Daniel Newman: Hey, everybody. Welcome back to another episode of The Six Five Podcast. I’m your host, Daniel Newman, joined by my always esteemed cohost, podcast partner in crime, Mr. Patrick Moorhead. Look at that smile. And both of us are not at home today, but Pat, you are still in the same place, so at this point it’s no longer cool to talk about where you are. I’m somewhere much cooler, but I’ll just call it an undisclosed secret bunker location somewhere that’s not Austin, Texas, but equally as awesome. Morning, buddy.

Patrick Moorhead: It might not even be the same country, Daniel.

Daniel Newman: There’s a chance that I have left the country, but yet probably not even as far away from home as you.

Patrick Moorhead: I don’t know. You’re in the favorite place of Ted Cruz and our Mayor Adler here in Austin, so…

Daniel Newman: I don’t know. I saw a lot of… Let’s just say I saw a lot of those fancy people planes as I was coming in. Apparently there’s a lot of people hanging out down here.

Patrick Moorhead: It must have been a climate conference, right? If there were a bunch of jets.

Daniel Newman: Oh yeah, some big ones. I saw them coming in. You’re like, “Whoa. Where’s all that?” Anyways.

Patrick Moorhead: Someday, Daniel.

Daniel Newman: Someday, buddy. Big week. It wasn’t necessarily a huge week for our typical kind of enterprise and consumer tech news, although there is some, and we’re going to talk about those today, but overall just a pretty big week with markets. You had some big inflation data come out two weeks in a row now. Market seems to be a little bit waffling. You got some news, the CHIPS Act came back up, maybe going to get passed after all that pork and fat going to get pulled out of the bill. We’re not going to talk about that today because it didn’t get passed, but it is seemingly moving along and we are heading into earnings seasons, Pat, which means wherever we’re going to be, we’re going to be busy talking about is this the moment that tech has to reset.
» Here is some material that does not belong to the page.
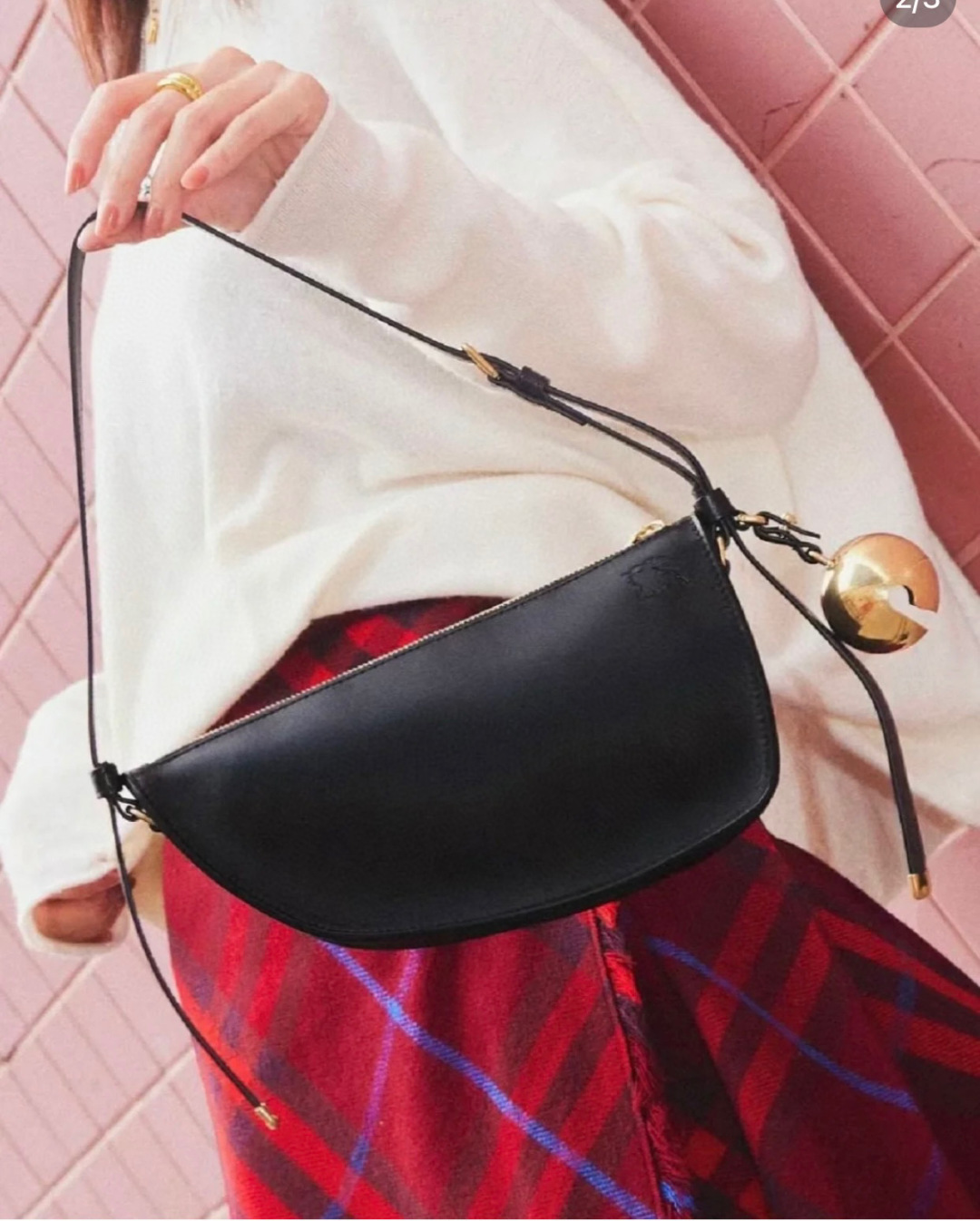 BURBERRY Calfskin Mini Shield Sling Bag Black 1644563 |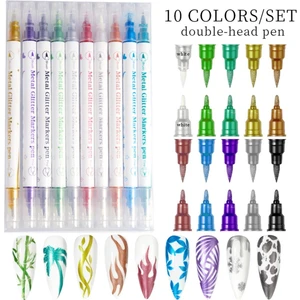 Born Pretty Çift Taraflı Glitter Metallic Color Nail Art Graffiti Kalem (55334-02)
I know Bill McDermott had some comments in his press discussions this week and it caused a massive sell off because he said the sales cycle had slow down. But you know what? We’re doing fine.

Patrick Moorhead: Earnings start soon. Next week, right?

Daniel Newman: Well, for tech. This week the banks all came out and a few of them missed, unfortunately, but you know what did happen this week, and we’re not going to talk about it in depth on the show, but TSMC did come out, and TSMC had some record numbers. By the way, record numbers based on demand for Apple iPhone. So, I guess we’re going to see. Is that discretionary dollar going away or are people… Maybe nobody’s watching the news, Pat, so people are just like, “Oh, I got money. I got to spend it.”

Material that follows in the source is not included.